A few steps away at 26 Wall St. is Federal Hall, a building modeled after the Parthenon of the Athenian Acropolis. The large statue of George Washington marking the approximate spot where he stood on inauguration day is the work of J.Q.A. Ward.

Under the dramatic open spaces of the rotunda, displays tell the story of the building’s history since completion in 1842. Side rooms feature dioramas of Washington’s Inauguration Day parade and related exhibits, including the brown suit made in Connecticut that he wore on inauguration day as a tribute to American manufacturing. The original Federal Hall on this site was built in 1703 as New York’s City Hall and was expanded and refurbished by French architect Pierre L’ Enfant, (who designed Washington, D.C.) to serve as the capitol when New York was the capital of the United States, from 1785 to 1790. The original building was torn down in 1812.

Continue on Wall Street to No. 48, the Bank of New York building. The only portion of the 18th-Century building that remains is a dedication stone on its western end. The present building was erected in 1928. Visitors register in the lobby and proceed to the third-floor museum.

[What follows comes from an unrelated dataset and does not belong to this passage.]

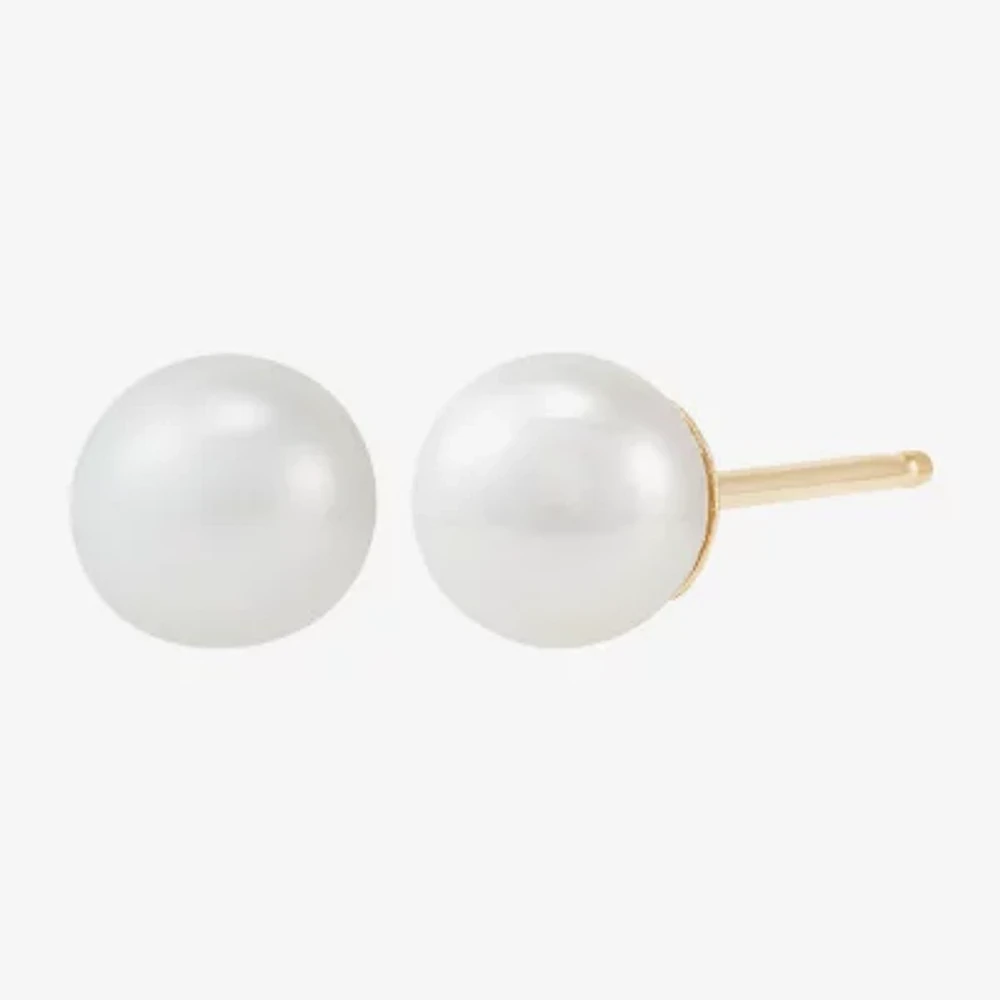 Certified Sofia™ Cultured Freshwater Pearl 5-5.5mm 10K Gold Stud Earrings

The small, three-room museum is little known, but well worth a visit. Its centerpiece is a scale model of Wall Street in 1800, when it was a mixed residential and commercial street. Find No. 82, the Tontine Coffee House, site of the first New York Stock Exchange.

Continue east on Wall Street to No. 75: the Barclay Bank building. As you cross the street, look back over your shoulder toward Trinity Church. The street took its form during the Civil War but little remains of earlier periods. All the taverns, small businesses and older buildings were torn down to make way for banks, insurance companies and brokerage offices.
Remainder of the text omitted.